**Image-caption web data**
********

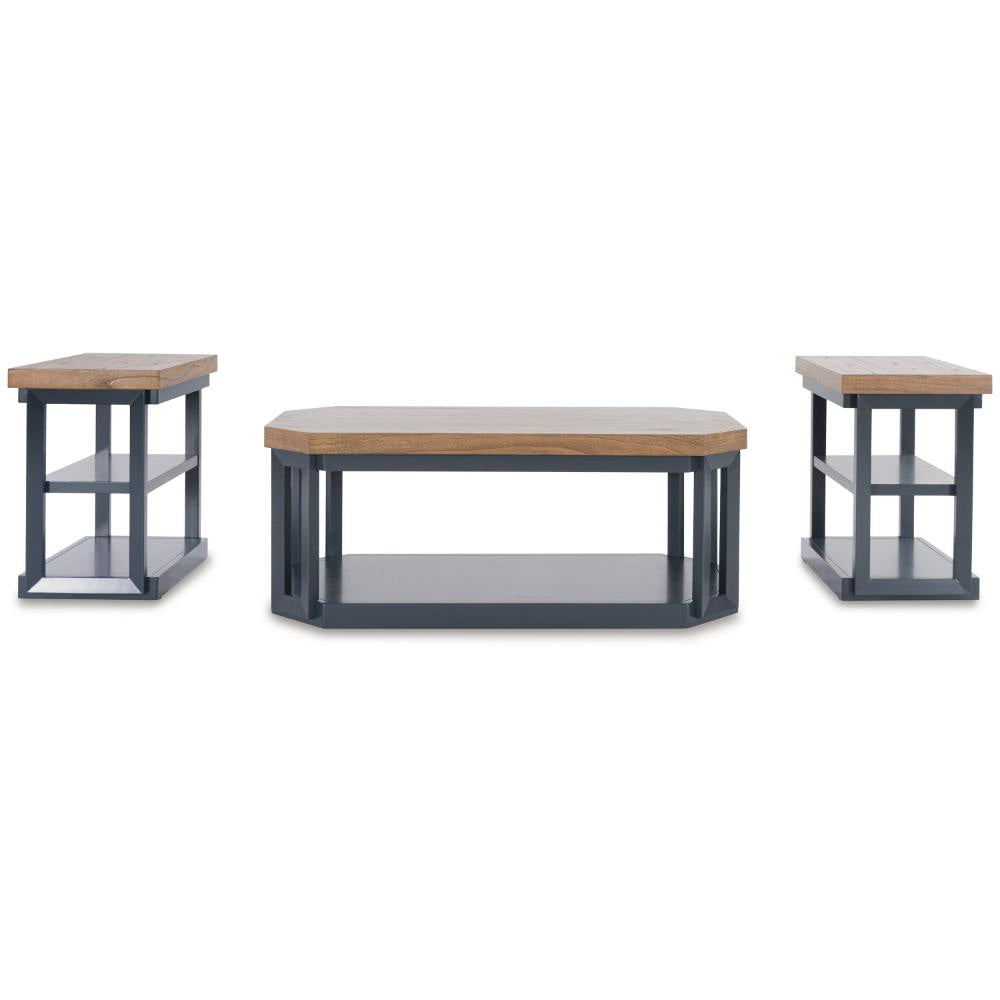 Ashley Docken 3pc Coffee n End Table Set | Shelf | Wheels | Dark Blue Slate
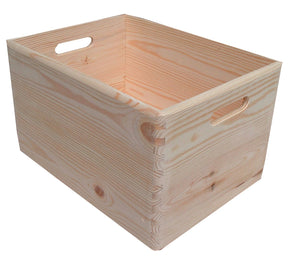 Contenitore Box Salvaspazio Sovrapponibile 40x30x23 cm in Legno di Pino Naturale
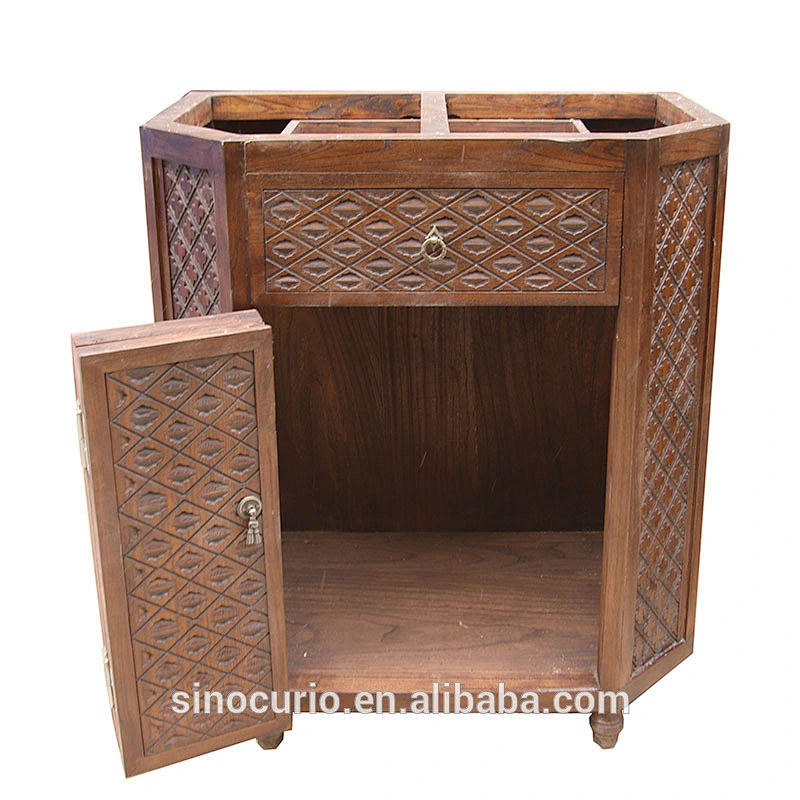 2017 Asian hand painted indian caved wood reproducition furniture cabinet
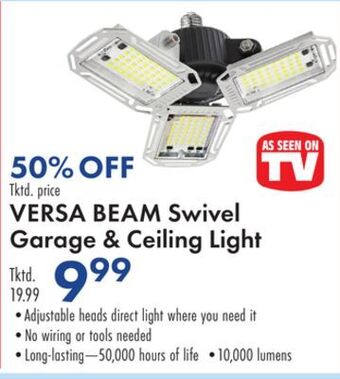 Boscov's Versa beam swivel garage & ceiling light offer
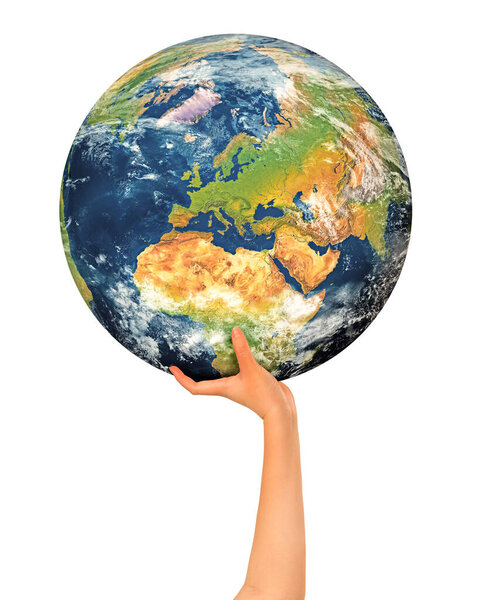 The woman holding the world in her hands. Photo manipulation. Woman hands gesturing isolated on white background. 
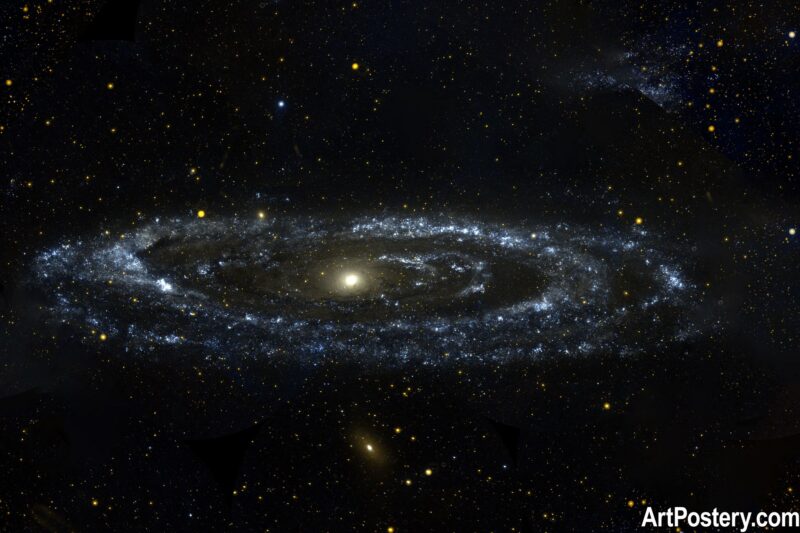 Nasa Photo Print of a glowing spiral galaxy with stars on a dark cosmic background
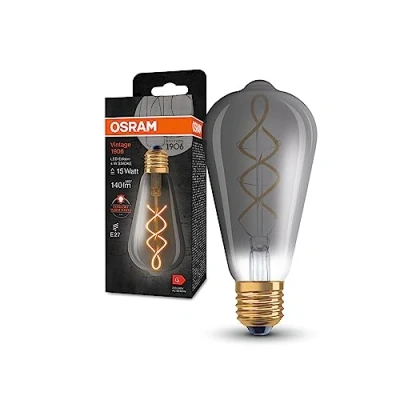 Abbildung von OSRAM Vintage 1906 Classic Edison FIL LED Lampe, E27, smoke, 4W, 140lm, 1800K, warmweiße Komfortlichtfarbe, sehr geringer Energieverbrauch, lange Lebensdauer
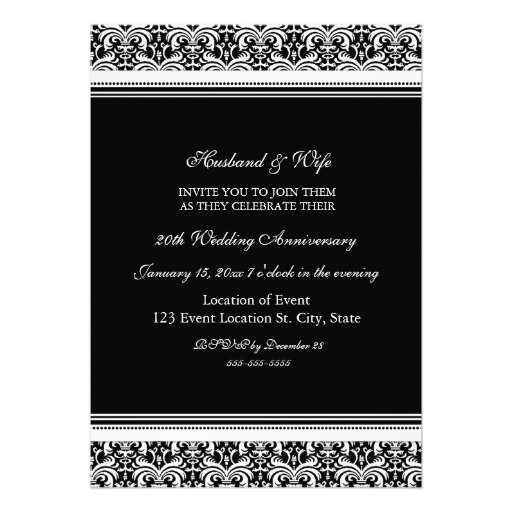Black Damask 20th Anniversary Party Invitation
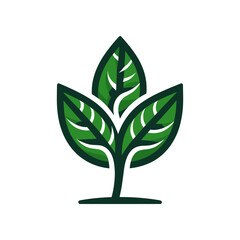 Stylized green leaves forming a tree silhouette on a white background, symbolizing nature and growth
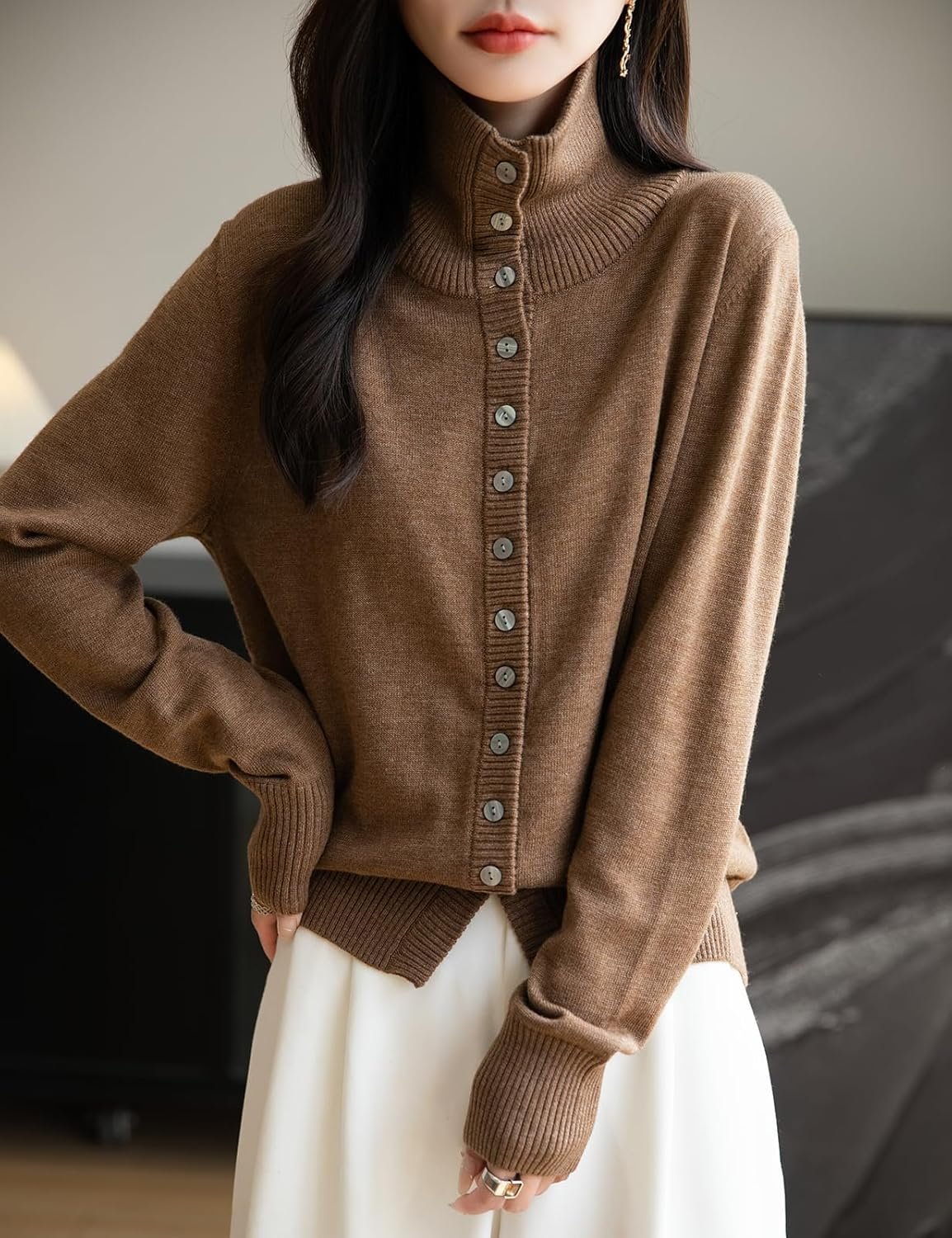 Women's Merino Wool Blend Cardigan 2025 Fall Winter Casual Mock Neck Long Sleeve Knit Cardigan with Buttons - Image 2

********

**EXERCISE OBJECTIVE**
Leaving out the pictures, restate word for word the lines above from the one containing "Abbildung von OSRAM" through the end of the records, both ends included.

**ANSWER SPACE**
 Abbildung von OSRAM Vintage 1906 Classic Edison FIL LED Lampe, E27, smoke, 4W, 140lm, 1800K, warmweiße Komfortlichtfarbe, sehr geringer Energieverbrauch, lange Lebensdauer
Black Damask 20th Anniversary Party Invitation
 Stylized green leaves forming a tree silhouette on a white background, symbolizing nature and growth
 Women's Merino Wool Blend Cardigan 2025 Fall Winter Casual Mock Neck Long Sleeve Knit Cardigan with Buttons - Image 2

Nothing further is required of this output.